Its the first morning in Xi’an, pronounced shy-ann or she-on, not quite sure which is correct. I am in a hotel room and my roommate, Blair, is snoring. The light behind the curtain is just starting to creep in and I am wide awake. The world has been turned upside down: its six in the morning but should be six at night, we flew so far north it became south, and forks and spoons have taken the form of chopsticks. This last bit I should have expected but it somehow slipped my mind like the noodles that slipped my grasp at last nights meal.

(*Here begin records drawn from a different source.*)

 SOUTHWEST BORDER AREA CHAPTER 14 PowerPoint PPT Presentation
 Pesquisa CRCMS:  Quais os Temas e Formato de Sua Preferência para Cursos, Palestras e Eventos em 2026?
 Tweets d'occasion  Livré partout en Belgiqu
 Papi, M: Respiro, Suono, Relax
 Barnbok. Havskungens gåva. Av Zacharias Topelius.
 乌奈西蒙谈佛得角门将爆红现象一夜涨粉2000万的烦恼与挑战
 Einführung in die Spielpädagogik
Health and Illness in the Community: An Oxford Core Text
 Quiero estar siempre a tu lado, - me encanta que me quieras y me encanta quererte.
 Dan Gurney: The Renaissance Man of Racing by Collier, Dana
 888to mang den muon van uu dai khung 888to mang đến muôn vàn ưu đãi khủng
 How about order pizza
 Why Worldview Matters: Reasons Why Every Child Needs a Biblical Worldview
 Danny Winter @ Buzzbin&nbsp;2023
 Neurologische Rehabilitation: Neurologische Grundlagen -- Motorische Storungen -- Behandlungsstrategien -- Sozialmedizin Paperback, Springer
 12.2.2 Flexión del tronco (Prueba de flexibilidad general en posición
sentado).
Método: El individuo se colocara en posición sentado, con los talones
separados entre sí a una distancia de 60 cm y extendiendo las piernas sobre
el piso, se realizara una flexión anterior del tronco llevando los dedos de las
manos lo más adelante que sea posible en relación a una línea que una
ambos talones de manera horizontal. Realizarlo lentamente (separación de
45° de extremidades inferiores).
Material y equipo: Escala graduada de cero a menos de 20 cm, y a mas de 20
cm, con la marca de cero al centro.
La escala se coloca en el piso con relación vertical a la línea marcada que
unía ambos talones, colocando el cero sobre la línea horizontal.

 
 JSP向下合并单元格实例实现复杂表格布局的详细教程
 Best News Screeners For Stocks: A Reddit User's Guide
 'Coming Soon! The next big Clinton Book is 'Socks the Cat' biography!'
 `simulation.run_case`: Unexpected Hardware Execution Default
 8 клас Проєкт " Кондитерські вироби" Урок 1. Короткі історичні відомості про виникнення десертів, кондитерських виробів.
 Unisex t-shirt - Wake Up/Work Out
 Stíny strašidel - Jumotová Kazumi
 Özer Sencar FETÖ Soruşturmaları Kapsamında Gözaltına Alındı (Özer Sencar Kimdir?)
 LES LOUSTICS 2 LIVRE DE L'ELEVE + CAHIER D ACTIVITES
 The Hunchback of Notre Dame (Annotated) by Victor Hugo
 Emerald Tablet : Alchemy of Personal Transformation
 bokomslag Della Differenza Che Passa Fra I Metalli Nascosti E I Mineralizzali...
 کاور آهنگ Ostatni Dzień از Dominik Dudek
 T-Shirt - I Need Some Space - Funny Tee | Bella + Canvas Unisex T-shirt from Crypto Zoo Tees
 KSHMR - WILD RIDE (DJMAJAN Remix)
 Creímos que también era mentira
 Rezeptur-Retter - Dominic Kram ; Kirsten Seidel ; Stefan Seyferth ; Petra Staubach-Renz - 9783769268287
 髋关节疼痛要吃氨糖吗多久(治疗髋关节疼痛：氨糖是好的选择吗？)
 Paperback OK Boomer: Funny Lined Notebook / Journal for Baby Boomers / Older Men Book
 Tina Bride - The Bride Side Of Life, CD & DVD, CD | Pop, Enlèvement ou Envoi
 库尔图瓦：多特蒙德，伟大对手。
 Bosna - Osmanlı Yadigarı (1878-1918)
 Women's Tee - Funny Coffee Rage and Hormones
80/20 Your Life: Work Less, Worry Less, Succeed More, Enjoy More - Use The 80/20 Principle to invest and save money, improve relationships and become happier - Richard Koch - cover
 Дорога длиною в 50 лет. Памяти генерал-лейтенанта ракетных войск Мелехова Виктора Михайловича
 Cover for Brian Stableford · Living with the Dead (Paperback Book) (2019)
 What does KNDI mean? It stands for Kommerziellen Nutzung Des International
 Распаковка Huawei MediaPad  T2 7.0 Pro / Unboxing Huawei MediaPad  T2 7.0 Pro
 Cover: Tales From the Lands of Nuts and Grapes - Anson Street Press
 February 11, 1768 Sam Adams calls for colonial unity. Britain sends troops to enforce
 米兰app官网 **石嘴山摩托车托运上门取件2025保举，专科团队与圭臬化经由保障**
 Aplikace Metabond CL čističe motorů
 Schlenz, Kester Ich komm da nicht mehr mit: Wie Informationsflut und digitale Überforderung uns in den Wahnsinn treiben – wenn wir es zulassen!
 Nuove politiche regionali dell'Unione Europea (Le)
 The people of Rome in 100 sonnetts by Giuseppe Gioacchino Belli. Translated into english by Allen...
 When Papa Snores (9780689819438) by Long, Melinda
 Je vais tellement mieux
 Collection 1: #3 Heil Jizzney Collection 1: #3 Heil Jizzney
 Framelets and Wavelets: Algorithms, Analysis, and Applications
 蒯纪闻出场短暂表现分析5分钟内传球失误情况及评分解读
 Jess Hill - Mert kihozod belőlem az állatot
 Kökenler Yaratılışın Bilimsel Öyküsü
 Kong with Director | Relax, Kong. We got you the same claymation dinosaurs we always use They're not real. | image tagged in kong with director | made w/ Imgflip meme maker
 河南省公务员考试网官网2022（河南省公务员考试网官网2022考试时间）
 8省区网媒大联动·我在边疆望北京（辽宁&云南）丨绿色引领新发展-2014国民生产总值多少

I thought that the 13 hour flight from Washington to Beijing was going to be the toughest part of the day but it passed without a lot of action. Besides becoming friends with Andrew the flight attendant, walking into an overflowing airplane bathroom, hearing about the girl who sat next to Casey and poked his arm every time he tried falling asleep, and having the two Chinese people on either side of me sharing tips on how to play Angry Birds with each other.
We were breezing through the airport, making great time. Someone from the race directed us to terminal 1 which was a short ten minute bus ride away from terminal 3. Did I mention the 15 bike boxes and 12 other bags we were lugging around on 8 carts?
Terminal 1 was where the troubles began. Firstly, we had to get tickets to Xi’an but the man behind the counter could not find Craven on the flight. Then each bag had to be weighed and checked in and charged 60 yen for each kilo over 20. All the bike boxes were then wheeled/carried to a security check that took at least half an hour because every so often a bag would be flagged for liquids – my pepto bismol and Ty’s honey were spared, but the chain lube was confiscated. Ten minutes later, Craven’s flight was found. He wasn’t on our flight, but one 3 hours later. Everything finally sorted, albeit not to Thomas’ liking, we sat down to a quick dinner of noodles and random meat, went to the gate, said good bye to Craven, and took off. I fell asleep immediately.
We landed in Xi’an and taxied for at least 15 minutes. The same thing happened in Beijing. Why not land on a runway close to your gate? In the case of the airport at Xi’an, there was no gate. We stopped after a while on the runway and got into two buses that took everyone to the terminal where we once again got all our bags and loaded them onto a bus from the race. We then sat and waited for a Swiss team called Atlas to do the same. It was roughly 10:15 pm when we left for the hotel, a full 24 hours and 15 minutes since the flight in Charlotte left for Washington and everyone was cracked. Except Thomas who was just leaving Beijing. I don’t know how he felt.
It had been promised that the hotel was only 20 kilometers away but it was probably closer to 40. Once again, bikes and suitcases had to be unpacked and stowed, the bikes going into the hotel’s underground garage and the suitcases into the lobby. We sat in the lobby for 20 minutes waiting some more as the slow translation process between Brian, the front desk, and a translator from the race found that our reservations didn’t start until the next night…
At some point it just becomes comical. But at midnight, adventures need to go to bed. Room keys in hand, Blair and I proceeded to the 16th floor and to the room. It took a good two minutes to figure out that the room key has to be inserted into a slot by the door to turn on the power in the room. It took another five minutes to figure out the TV, which is still a guessing game. And it took just 30 seconds to find that the wall between the shower and the rest of the room is a window and that a blind separates privacy from baring all. The fun just never stops!
Its finally 7. Breakfast is open. Blair is already talking about his dream where he was eating some pancakes drizzled with blueberry syrup. Sounds like a lovely dream that quickly turns into a nightmare when you find that the utensils have turned into chopsticks!